Data entries =
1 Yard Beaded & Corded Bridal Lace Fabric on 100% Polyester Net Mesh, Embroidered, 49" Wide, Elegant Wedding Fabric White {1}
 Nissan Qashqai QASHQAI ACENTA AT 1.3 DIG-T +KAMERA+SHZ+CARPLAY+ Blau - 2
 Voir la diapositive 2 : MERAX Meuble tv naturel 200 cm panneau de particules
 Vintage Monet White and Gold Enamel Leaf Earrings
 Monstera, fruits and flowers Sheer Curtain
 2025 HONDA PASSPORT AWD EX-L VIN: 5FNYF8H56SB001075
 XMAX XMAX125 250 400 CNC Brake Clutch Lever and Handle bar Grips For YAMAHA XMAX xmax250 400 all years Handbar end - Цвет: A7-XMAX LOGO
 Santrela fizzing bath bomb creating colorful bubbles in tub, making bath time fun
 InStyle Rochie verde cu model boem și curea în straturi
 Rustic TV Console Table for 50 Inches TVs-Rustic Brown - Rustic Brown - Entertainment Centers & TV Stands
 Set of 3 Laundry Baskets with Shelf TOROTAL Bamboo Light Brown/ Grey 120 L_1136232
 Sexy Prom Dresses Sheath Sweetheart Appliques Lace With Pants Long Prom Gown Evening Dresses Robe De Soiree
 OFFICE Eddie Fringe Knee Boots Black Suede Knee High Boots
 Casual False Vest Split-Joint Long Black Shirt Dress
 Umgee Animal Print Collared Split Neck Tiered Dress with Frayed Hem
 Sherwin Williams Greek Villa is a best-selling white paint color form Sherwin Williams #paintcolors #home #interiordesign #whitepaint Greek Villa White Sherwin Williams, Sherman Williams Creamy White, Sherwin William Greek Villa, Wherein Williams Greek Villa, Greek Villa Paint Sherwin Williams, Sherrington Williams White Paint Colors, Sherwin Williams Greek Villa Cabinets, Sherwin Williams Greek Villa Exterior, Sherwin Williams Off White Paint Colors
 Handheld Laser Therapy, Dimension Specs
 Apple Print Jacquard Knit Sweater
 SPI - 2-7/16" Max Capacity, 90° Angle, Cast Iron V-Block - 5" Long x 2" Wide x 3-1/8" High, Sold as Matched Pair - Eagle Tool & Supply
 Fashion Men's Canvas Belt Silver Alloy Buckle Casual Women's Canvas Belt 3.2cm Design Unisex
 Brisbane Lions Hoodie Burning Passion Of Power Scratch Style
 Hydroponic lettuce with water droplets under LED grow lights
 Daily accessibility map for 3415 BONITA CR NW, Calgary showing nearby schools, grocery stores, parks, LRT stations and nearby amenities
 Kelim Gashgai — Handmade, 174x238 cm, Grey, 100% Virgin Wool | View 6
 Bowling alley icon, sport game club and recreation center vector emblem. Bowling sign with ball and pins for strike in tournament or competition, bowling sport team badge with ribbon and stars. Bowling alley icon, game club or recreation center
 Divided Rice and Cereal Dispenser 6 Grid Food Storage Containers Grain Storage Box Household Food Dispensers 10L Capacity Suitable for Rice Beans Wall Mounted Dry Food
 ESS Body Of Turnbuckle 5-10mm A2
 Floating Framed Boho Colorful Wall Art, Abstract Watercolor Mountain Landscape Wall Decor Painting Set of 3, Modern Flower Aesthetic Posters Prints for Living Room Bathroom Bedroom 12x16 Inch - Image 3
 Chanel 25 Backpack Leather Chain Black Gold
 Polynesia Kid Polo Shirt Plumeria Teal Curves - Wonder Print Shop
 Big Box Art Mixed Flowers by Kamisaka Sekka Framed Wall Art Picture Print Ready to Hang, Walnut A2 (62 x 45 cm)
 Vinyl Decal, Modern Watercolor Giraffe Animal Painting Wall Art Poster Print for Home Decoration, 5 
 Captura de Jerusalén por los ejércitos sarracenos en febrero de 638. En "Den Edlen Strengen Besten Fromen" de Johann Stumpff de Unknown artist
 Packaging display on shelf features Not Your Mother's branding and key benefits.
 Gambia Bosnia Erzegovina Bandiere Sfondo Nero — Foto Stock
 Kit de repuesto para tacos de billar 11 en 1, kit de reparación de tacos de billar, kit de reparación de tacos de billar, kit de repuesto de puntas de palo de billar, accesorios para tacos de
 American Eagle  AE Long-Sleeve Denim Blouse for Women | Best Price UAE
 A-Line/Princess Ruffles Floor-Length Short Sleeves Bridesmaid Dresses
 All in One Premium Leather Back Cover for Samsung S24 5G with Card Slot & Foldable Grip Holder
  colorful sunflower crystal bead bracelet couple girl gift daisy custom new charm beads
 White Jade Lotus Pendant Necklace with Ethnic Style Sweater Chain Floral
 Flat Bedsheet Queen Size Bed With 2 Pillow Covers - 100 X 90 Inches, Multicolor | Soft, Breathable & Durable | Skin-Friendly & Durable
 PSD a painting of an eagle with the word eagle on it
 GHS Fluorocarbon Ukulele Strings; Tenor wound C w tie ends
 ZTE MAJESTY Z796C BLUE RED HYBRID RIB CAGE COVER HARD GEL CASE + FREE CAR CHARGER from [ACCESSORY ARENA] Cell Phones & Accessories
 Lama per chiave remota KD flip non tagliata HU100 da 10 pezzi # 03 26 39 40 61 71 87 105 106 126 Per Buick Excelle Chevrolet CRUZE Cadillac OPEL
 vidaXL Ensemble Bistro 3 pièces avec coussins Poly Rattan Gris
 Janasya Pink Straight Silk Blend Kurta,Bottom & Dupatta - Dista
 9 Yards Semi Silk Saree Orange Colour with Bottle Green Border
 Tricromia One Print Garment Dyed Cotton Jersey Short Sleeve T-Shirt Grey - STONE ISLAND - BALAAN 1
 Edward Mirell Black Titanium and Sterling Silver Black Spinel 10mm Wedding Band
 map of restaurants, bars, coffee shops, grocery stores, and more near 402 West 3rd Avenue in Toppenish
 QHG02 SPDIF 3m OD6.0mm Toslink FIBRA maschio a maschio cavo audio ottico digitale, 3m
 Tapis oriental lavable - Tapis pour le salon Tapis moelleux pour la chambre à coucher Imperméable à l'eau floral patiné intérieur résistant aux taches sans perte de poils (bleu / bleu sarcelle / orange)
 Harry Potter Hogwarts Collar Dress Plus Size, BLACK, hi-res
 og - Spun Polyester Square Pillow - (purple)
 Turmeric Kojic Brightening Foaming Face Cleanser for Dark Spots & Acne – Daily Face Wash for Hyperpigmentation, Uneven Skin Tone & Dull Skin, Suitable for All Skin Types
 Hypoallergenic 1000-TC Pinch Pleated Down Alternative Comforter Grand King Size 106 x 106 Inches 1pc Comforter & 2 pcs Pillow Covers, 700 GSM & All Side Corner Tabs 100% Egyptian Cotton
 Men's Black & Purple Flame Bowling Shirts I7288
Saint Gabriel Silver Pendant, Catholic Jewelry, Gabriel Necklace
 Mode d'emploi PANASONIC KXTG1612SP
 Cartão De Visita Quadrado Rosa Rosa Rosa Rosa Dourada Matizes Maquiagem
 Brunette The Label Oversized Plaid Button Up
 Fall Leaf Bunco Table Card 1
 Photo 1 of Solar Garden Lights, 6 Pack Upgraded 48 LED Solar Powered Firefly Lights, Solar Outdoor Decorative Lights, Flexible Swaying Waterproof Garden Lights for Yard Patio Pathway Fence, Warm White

Prompt = From the line holding "Cartão De Visita" to the line holding "Fall Leaf Bunco Table Card 1", inclusive, restate each line above exactly as written.

Answer section =
 Cartão De Visita Quadrado Rosa Rosa Rosa Rosa Dourada Matizes Maquiagem
 Brunette The Label Oversized Plaid Button Up
 Fall Leaf Bunco Table Card 1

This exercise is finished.